INPUT DATA:
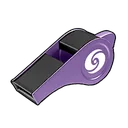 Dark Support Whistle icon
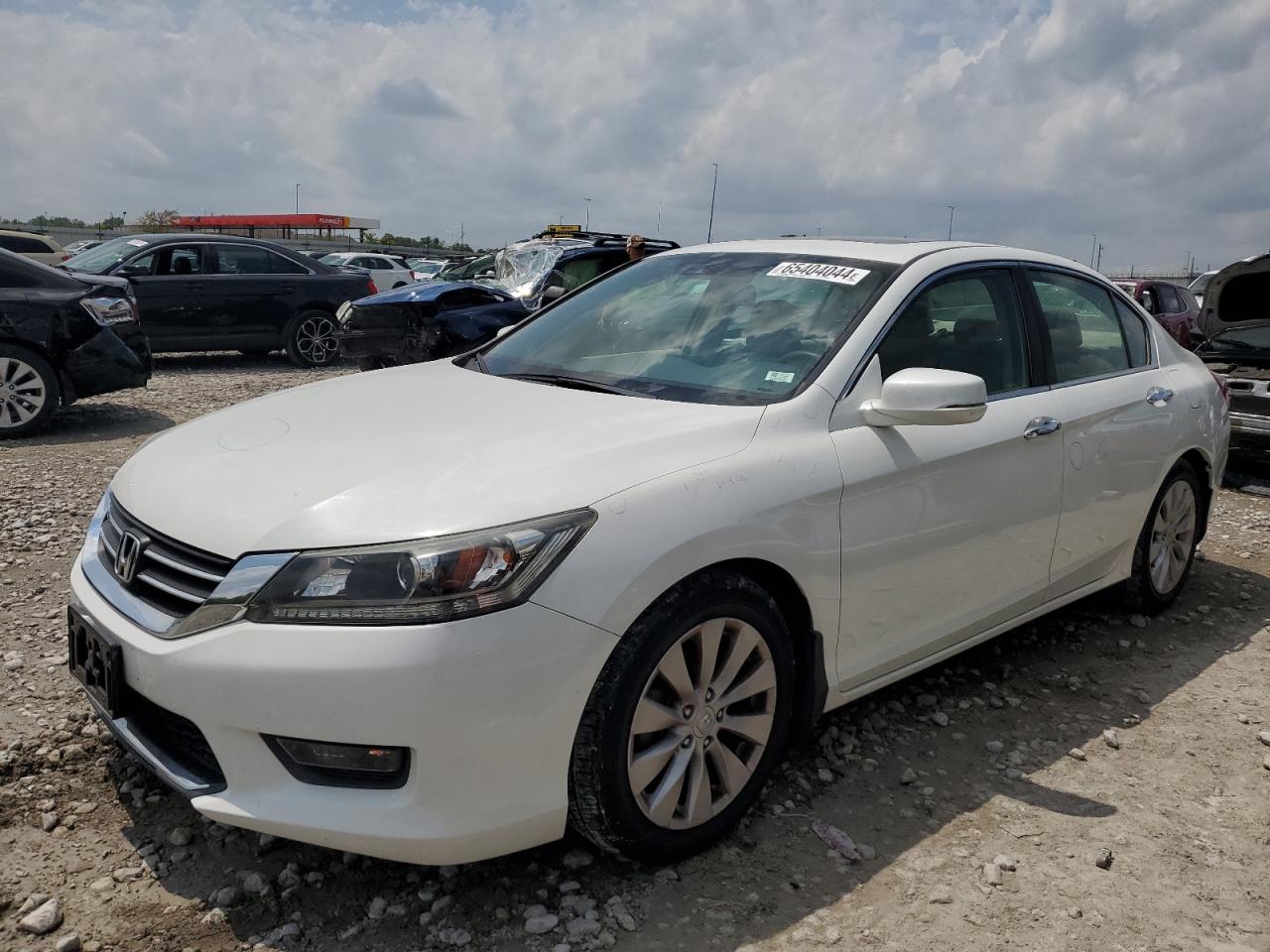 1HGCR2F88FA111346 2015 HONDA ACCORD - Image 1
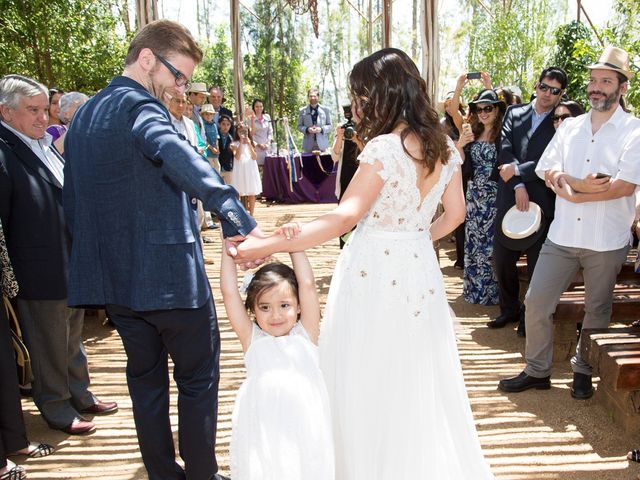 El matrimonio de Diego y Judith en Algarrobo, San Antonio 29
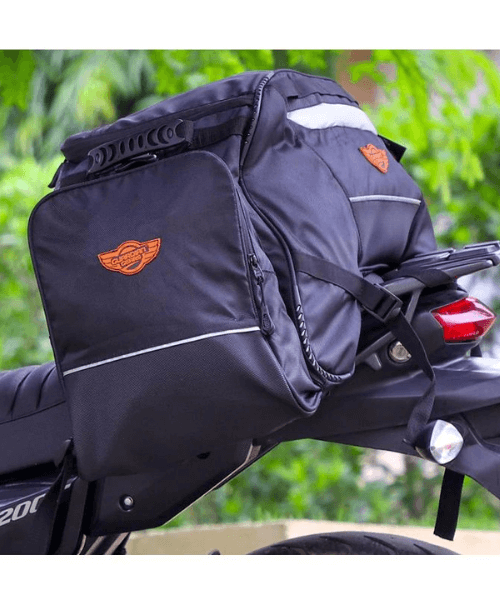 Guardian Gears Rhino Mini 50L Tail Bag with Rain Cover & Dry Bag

WHAT THE EXERCISE ASKS: Would you return all the data exactly as given, minus the pictures?

EXERCISE ANSWER:
 Dark Support Whistle icon
 1HGCR2F88FA111346 2015 HONDA ACCORD - Image 1
 El matrimonio de Diego y Judith en Algarrobo, San Antonio 29
 Guardian Gears Rhino Mini 50L Tail Bag with Rain Cover & Dry Bag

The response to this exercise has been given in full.